◆ Task data:
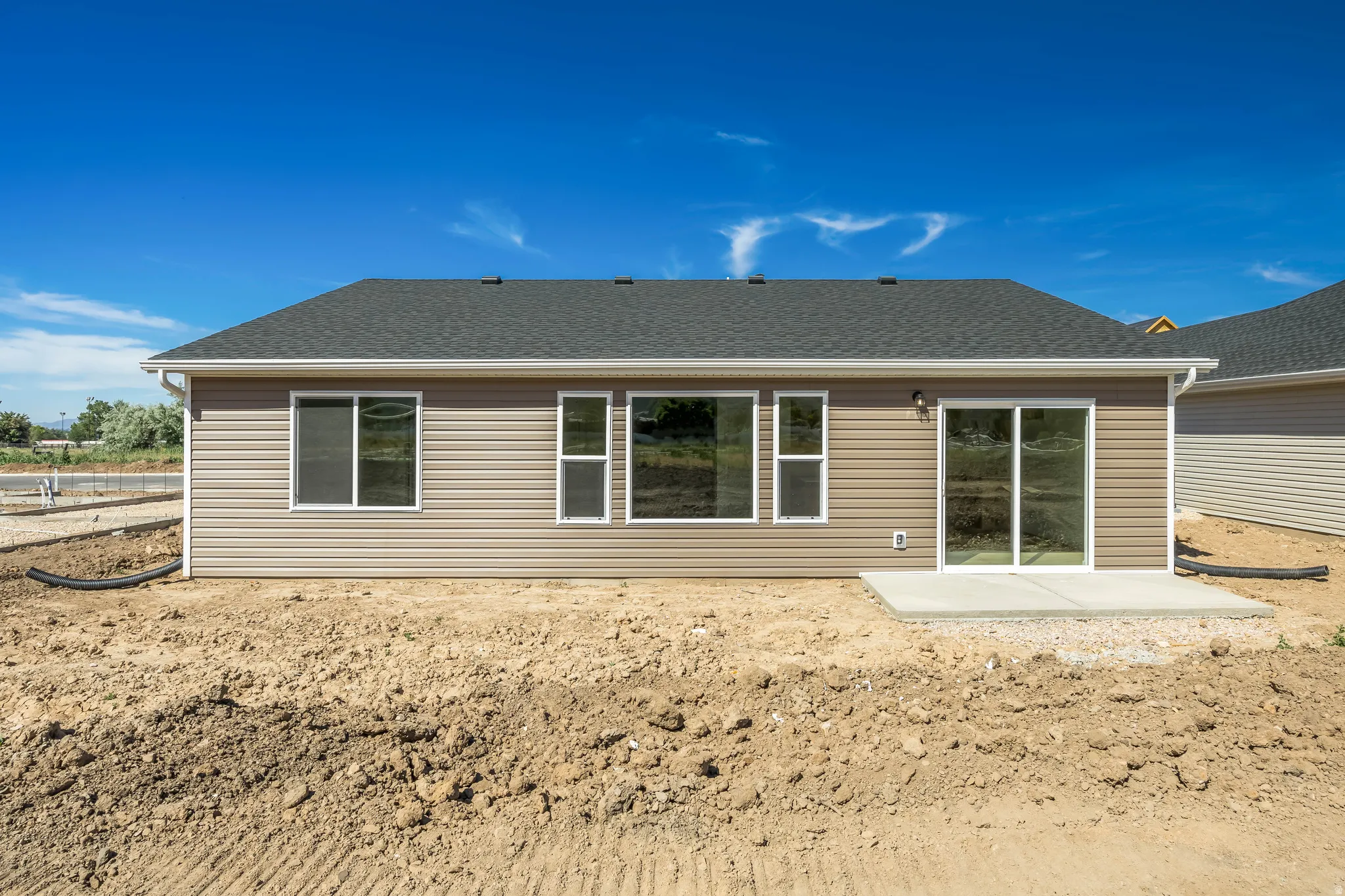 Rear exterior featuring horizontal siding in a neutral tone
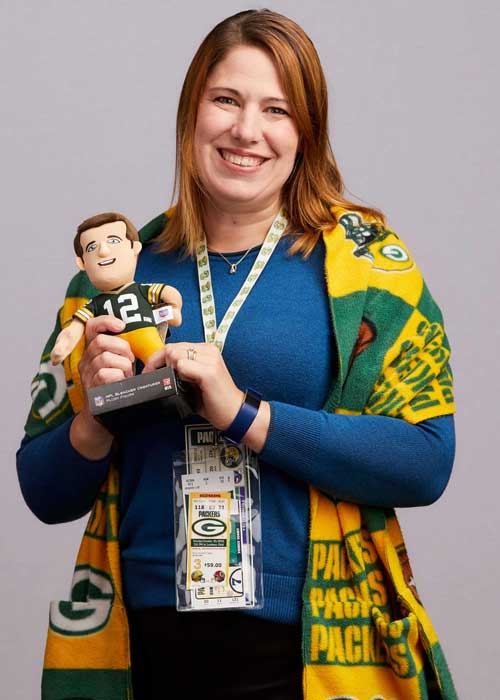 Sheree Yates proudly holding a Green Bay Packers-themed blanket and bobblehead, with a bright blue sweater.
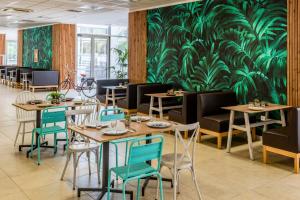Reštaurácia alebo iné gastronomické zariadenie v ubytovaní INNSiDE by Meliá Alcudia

--

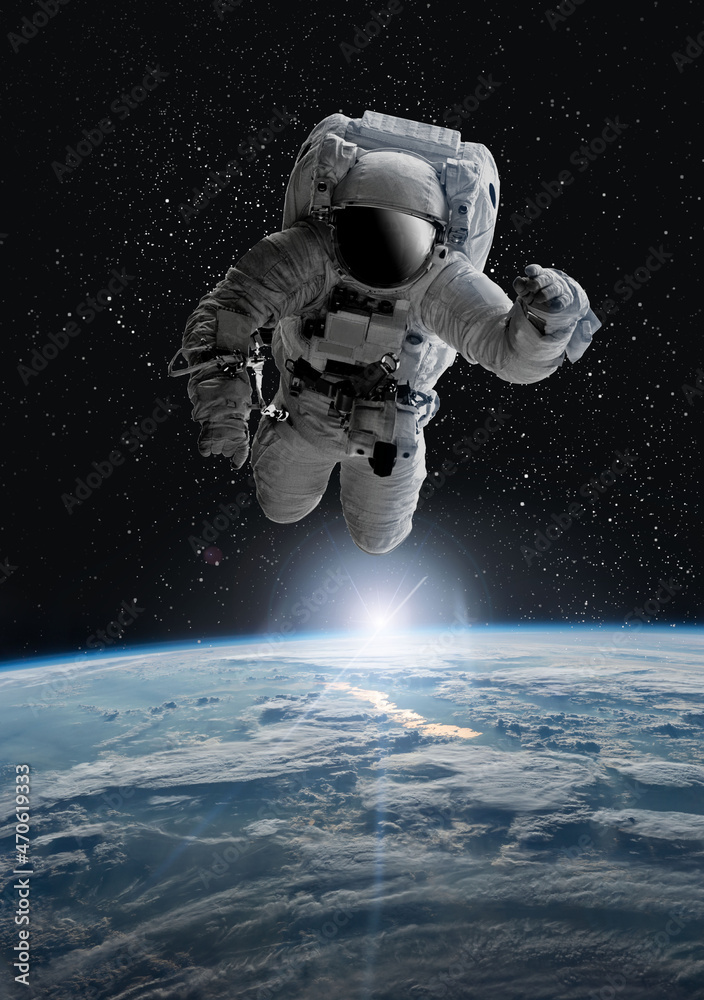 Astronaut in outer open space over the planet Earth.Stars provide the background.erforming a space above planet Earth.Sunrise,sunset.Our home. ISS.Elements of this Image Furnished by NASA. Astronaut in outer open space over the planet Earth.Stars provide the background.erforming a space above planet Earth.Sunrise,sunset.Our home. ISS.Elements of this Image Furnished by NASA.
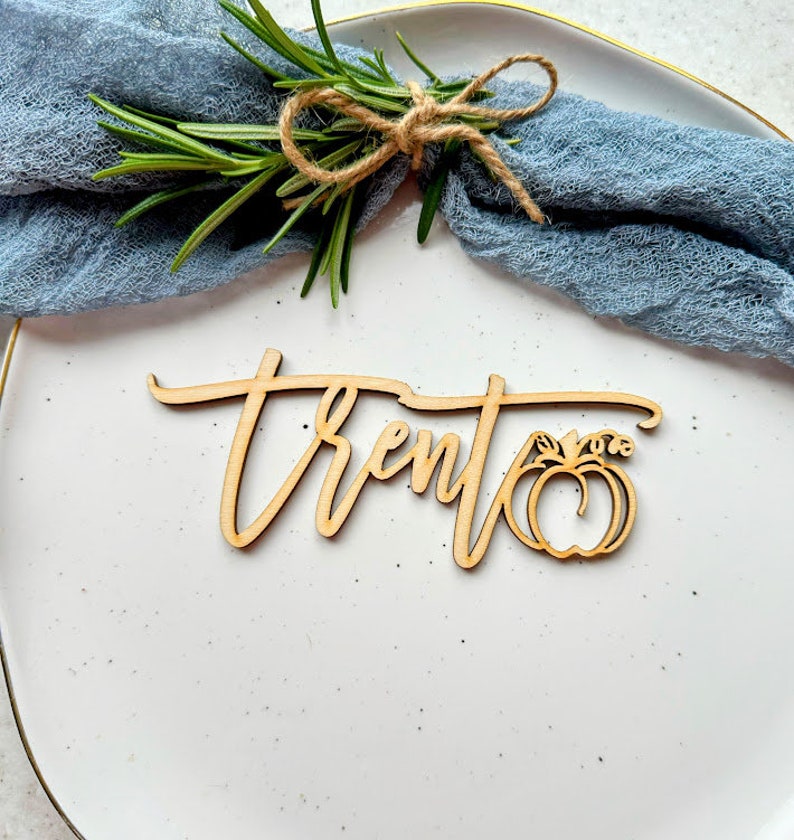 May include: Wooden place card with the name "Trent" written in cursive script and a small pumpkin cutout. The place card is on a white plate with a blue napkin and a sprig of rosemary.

--

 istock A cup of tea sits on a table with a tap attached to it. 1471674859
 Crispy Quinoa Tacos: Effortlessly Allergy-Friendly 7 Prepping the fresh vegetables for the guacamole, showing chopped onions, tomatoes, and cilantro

◆ Exercise requirements:
Skipping every picture, transcribe exactly the lines above from the one containing "Rear exterior featuring" through the one containing "Reštaurácia alebo iné", both included.

◆ Answer space:
 Rear exterior featuring horizontal siding in a neutral tone
 Sheree Yates proudly holding a Green Bay Packers-themed blanket and bobblehead, with a bright blue sweater.
Reštaurácia alebo iné gastronomické zariadenie v ubytovaní INNSiDE by Meliá Alcudia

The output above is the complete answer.